__Activity__
Starting at the line that has "Vic Bella, unknown" and stopping after the line that has "happy older woman smiling on beach", reproduce the listing below exactly; omit everything else.

__Record set__
|---|
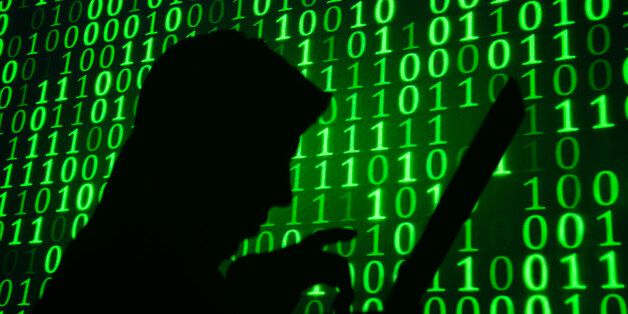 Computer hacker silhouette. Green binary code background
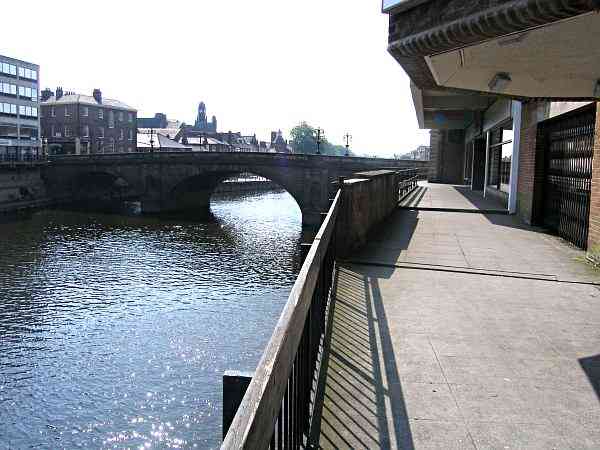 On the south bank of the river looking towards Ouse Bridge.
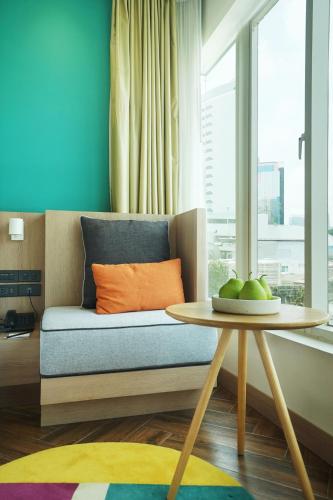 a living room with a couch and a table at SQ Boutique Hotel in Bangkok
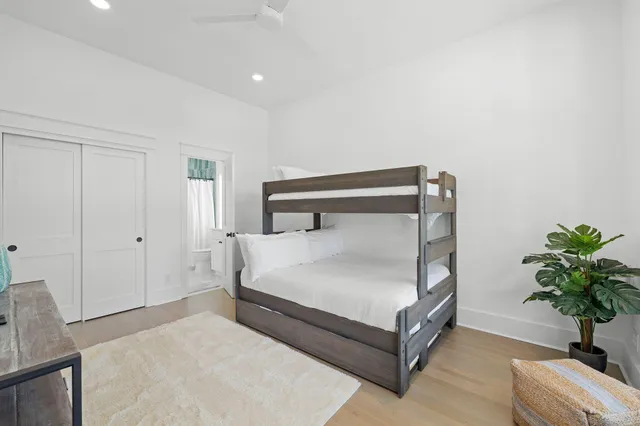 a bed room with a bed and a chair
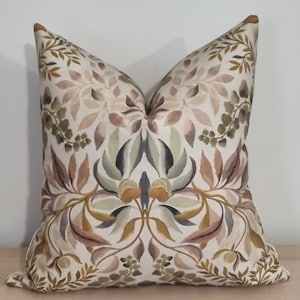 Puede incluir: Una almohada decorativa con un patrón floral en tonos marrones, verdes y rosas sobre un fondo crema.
|---|
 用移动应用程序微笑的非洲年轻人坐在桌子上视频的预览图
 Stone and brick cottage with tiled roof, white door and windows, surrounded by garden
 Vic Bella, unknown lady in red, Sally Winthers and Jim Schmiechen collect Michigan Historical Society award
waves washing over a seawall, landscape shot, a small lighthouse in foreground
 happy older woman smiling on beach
|---|
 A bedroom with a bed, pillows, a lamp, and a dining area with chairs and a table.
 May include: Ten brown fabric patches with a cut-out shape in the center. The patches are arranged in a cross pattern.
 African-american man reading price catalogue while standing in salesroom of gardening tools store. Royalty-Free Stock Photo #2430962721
|---|
__Output of the task__
 Vic Bella, unknown lady in red, Sally Winthers and Jim Schmiechen collect Michigan Historical Society award
waves washing over a seawall, landscape shot, a small lighthouse in foreground
 happy older woman smiling on beach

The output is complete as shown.